Soltanto per la realizzazione dell’85% del primo tratto di 41 chilometri avrebbe costretto il Montenegro a indebitarsi per 810 milioni di euro con la Exim Bank of China. “I costi totali del progetto sono stimati a oltre il 23% del Pil del 2014. Nel 2018 il debito salirà quasi all’80% del Pil””, scriveva, nel 2018, l’agenzia di rating Moody’s, lanciando un pericoloso campanello d’allarme sulla sostenibilità della realizzazione dell’autostrada. Oggi, alle prese con una spada di Damocle pesantissima, il Paese balcanico ha alzato bandiera bianca chiedendo aiuto alle istituzioni europee. Il ministro delle Finanze montenegrino, Milojko Spajic, ha usato parole emblematiche: il Montenegro, al momento, sta facendo “grande affidamento” sulla Cina per ottemperare i propri obblighi economici, ma questo renderebbe la situazione “drammatica” da un punto di vista geopolitico. “Dobbiamo meglio connetterci con i nostri alleati europei. Dobbiamo riallineare la nostra economia con quella europea”, ha aggiunto il ministro.
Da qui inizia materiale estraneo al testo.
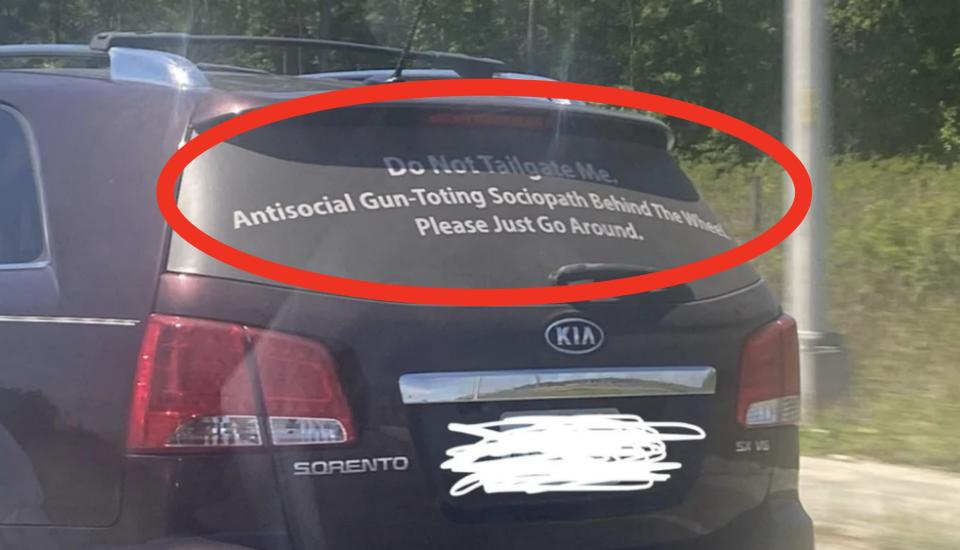 Rear view of a Kia Sorento with a bumper sticker reading: "Do Not Tailgate Me. Antisocial Gun-Toting Sociopath Behind The Wheel. Please Just Go Around."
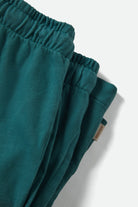 Women's Carefree Organic Garment Dye Lounge Short in the color Washed Mediterranean Teal - Additional Laydown image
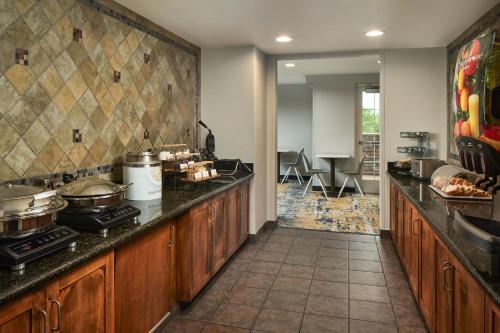 a kitchen with a counter with pots and pans at TownePlace Suites by Marriott Colorado Springs South in Colorado Springs
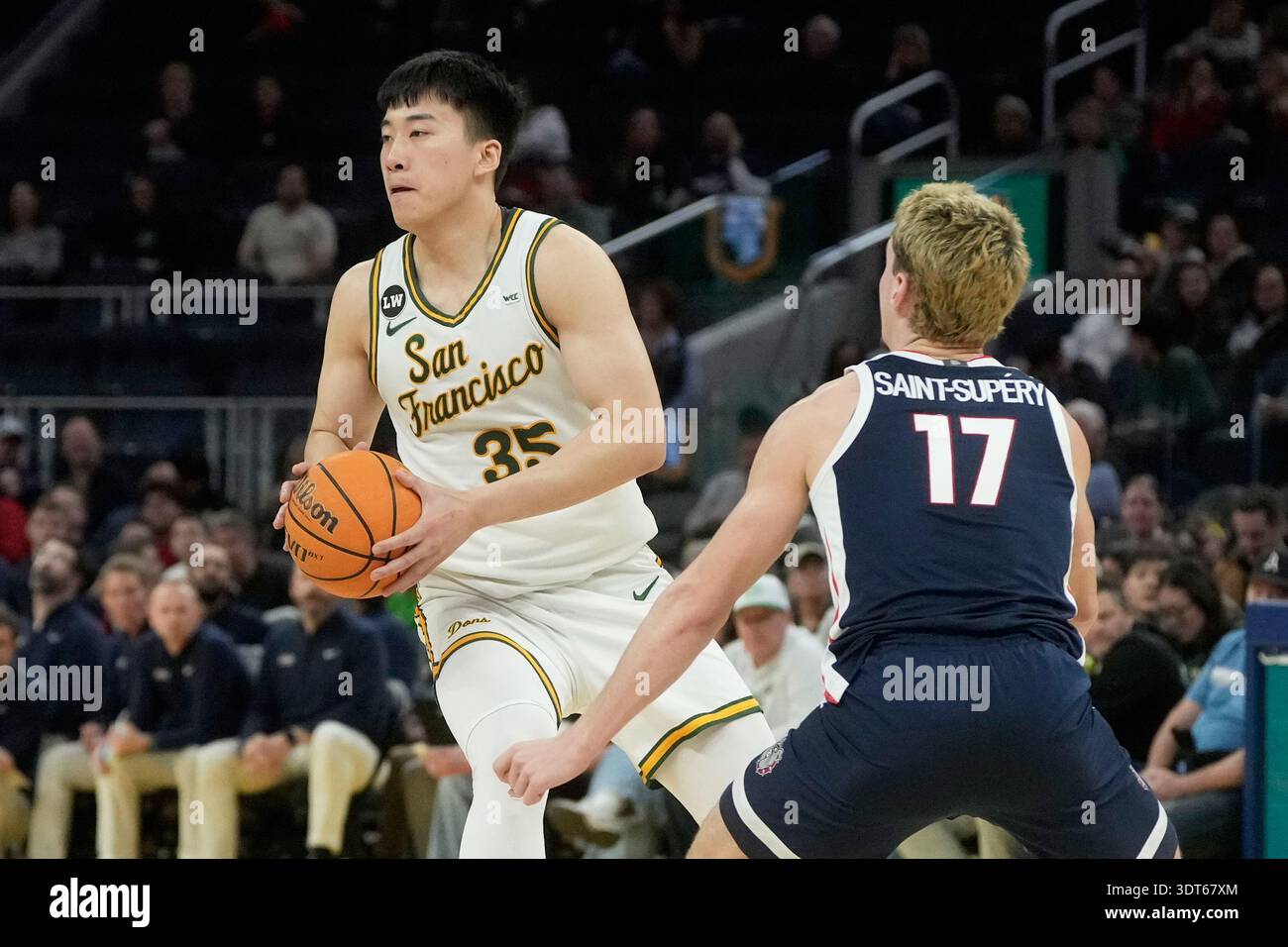 San Francisco forward Junjie Wang (35) looks to pass while being ...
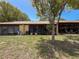Backyard view with a screened-in patio and a large tree for shade at 8320 High Point Cir # 5, Port Richey, FL 34668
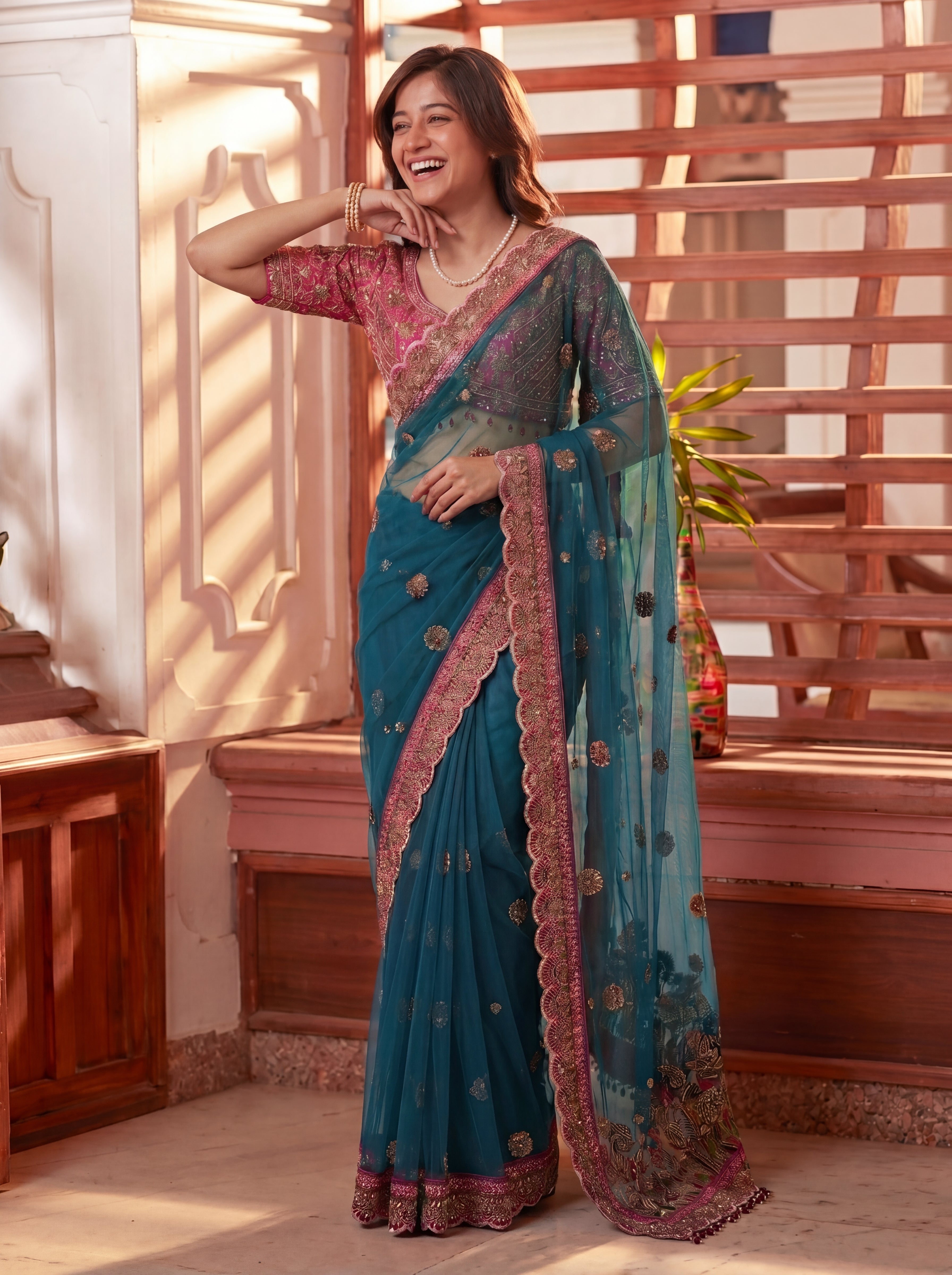 Royal Firozi Net Saree with Intricate Sequins, Mirror Work, Embroidery, Cording & Handcrafted Border Detailing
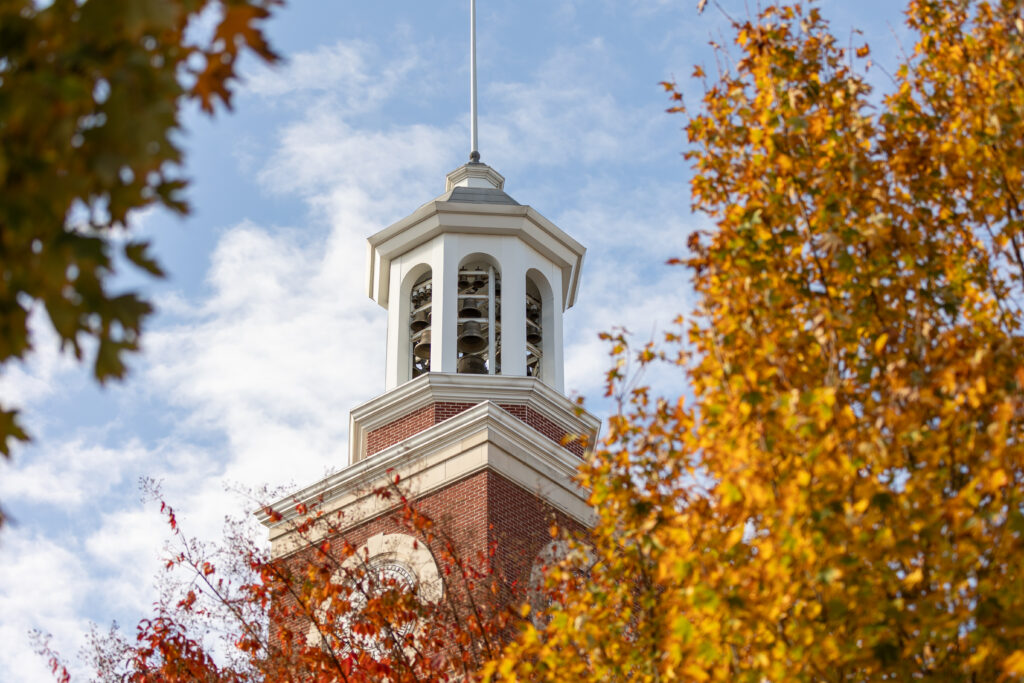 A brick clock tower with a white belfry rises above autumn trees with orange and yellow leaves on Union's main campus in Jackson, Tennessee, set against a blue sky with scattered clouds.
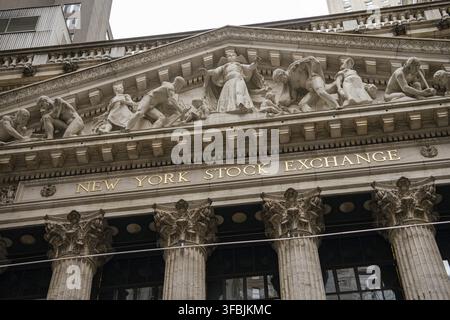 Nahaufnahme des Schildes der New York Stock Exchange unter seinem gestalteten Giebel an der Wall Street. Klassische Steinrelieffiguren repräsentieren Handel und Ind Stockfoto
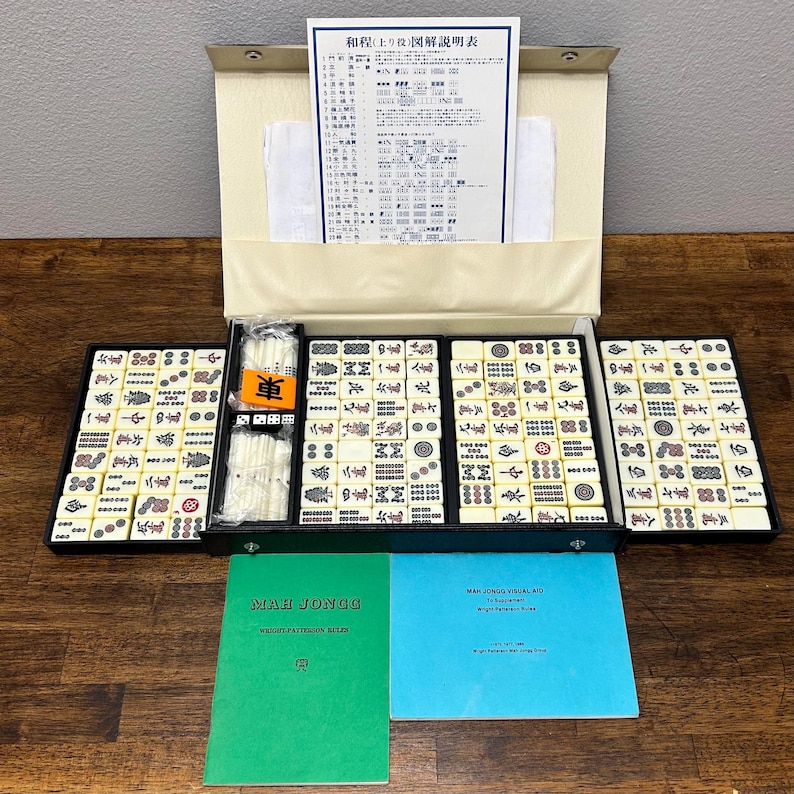 May include: A vintage Mahjong set with ivory-colored tiles, displayed in a black case. The set includes a variety of tiles with symbols and characters, along with instruction manuals and a paper with Japanese text. The case is open, revealing the organized arrangement of the tiles.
Il portavoce della Commissione europea, Peter Stano, è stato altrettanto chiaro. L’Unione europea non pagherà i debiti contratti dal Montenegro con la Cina. “Ogni Paese è libero di stabilire i propri obiettivi di investimento. Quando si tratta di Montenegro e Cina, siamo preoccupati per gli effetti socio-economici e finanziari che alcuni investimenti cinesi possano avere” sul Paese perché ci sono rischi di “sbilanciamento macroeconomico e dipendenza dal debito”, ha chiarito Stano, sottolineando tuttavia che Bruxelles continuerà a stare al fianco di Podgorica, ma che non ripagherà i prestiti che essa ha “contratto con forze terze”. Ricordiamo che la Cina detiene un quarto del debito del Montenegro. Nonostante i ritardi nella costruzione dell’autostrada, e a meno di una ristrutturazione del debito cinese (come avvenuto nel caso di alcuni Paesi africani), il primo rimborso dovrebbe scattare a luglio. In caso di eventuale insolvenza, ha specificato Agenzia Nova, i termini del contratto darebbero a Pechino il diritto alla terra montenegrina come garanzia.